In selecting a broker or dealer to execute each particular transaction, both the Adviser and the Sub-Adviser will take the following into consideration: execution capability, trading expertise, accuracy of execution, commission rates, reputation and integrity, fairness in resolving disputes, financial responsibility and responsiveness.
Brokers or dealers executing a portfolio transaction on behalf of the Fund may receive a commission in excess of the amount of commission another broker or dealer would have charged for executing the transaction if either the Adviser or the Sub-Adviser, as applicable, determines in good faith that such commission is reasonable in relation to the value of brokerage and research services provided to the Fund. In allocating portfolio brokerage, either the Adviser or the Sub-Adviser, as applicable, may select brokers or dealers who also provide brokerage, research and other services to other accounts over which either the Adviser or the Sub-Adviser, as applicable, exercises investment discretion. Some of the services received as the result of Fund transactions may primarily benefit accounts other than the Fund, while services received as the result of portfolio transactions effected on behalf of those other accounts may primarily benefit the Fund. During the fiscal years ended December 31, 2022, December 31, 2021 and December 31, 2020, the Fund paid $20,252, $15,485 and $20,037 in brokerage commissions, respectively.

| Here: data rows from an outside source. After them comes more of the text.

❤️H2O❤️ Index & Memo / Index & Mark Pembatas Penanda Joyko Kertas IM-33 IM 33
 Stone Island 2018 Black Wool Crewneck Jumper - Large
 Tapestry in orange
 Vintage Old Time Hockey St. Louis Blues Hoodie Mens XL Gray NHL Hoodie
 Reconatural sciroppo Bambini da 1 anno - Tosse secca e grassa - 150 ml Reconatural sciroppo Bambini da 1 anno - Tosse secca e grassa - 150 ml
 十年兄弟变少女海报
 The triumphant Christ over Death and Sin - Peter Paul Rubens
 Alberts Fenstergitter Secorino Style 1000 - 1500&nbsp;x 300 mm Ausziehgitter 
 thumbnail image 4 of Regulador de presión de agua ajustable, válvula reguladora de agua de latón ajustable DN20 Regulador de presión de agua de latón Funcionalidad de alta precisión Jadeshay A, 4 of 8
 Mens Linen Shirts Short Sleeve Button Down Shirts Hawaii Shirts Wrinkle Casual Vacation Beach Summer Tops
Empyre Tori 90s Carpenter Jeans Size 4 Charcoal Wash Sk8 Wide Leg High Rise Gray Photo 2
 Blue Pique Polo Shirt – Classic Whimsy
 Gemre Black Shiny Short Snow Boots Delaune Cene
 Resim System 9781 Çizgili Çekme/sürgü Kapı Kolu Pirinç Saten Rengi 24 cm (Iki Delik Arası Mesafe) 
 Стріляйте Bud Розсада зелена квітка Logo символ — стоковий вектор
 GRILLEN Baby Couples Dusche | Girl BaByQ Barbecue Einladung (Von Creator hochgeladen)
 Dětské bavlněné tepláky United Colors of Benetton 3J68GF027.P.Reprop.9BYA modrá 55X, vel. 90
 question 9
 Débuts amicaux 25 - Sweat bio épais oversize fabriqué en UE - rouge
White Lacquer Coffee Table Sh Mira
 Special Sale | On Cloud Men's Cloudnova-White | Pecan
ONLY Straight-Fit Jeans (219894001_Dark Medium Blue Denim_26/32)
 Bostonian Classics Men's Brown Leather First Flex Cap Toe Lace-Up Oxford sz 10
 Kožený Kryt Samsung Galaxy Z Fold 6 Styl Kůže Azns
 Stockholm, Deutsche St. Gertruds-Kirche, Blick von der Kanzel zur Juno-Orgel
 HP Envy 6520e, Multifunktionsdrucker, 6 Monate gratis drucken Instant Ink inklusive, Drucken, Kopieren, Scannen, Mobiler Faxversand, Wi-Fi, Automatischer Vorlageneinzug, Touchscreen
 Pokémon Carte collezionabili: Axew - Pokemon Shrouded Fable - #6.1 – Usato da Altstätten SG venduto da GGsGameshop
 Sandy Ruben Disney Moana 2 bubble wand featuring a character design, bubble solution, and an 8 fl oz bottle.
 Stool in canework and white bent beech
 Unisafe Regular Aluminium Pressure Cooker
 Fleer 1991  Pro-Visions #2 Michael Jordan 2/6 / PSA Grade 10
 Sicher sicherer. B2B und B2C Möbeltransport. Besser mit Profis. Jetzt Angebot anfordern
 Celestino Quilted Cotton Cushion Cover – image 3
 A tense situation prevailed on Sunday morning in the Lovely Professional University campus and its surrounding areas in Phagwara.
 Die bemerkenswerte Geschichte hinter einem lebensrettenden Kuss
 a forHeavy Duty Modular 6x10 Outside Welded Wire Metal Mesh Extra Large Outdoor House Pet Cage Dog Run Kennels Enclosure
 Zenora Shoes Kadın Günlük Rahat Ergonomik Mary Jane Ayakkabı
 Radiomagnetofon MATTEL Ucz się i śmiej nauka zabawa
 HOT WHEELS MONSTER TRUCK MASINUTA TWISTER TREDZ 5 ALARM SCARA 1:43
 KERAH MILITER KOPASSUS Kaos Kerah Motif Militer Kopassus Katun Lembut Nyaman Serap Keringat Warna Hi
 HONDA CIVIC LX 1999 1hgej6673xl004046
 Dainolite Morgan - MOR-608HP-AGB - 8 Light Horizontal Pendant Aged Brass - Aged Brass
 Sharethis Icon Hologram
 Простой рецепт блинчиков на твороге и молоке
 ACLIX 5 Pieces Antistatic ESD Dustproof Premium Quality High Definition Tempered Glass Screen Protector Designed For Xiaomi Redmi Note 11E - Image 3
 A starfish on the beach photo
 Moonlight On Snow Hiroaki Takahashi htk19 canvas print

Affiliated Party Brokerage
The Adviser and its affiliates, as well as the Sub-Adviser and its affiliates, will not purchase securities or other property from, or sell securities or other property to, the Fund, except that the Fund may in accordance with rules under the 1940 Act engage in transactions with accounts that are affiliated with the Fund as a result of common officers, directors, advisers, members, managing general partners or common control. These transactions would be effected in circumstances in which the Adviser determined that it would be appropriate for the Fund to purchase and another client to sell, or the Fund to sell and another client to purchase, the same security or instrument each on the same day.
The Adviser, as well as the Sub-Adviser, places its trades under a policy adopted by the Trustees pursuant to Section 17(e) and Rule 17(e)(1) under the 1940 Act which places limitations on the securities transactions effected through the Distributor. The policy of the Fund with respect to brokerage is reviewed by the Trustees from time to time. Because of the possibility of further regulatory developments affecting the securities exchanges and brokerage practices generally, the foregoing practices may be modified. During the fiscal years ended December 31, 2022, December 31, 2021 and December 31, 2020, the Fund did not pay any affiliate party brokerage commissions.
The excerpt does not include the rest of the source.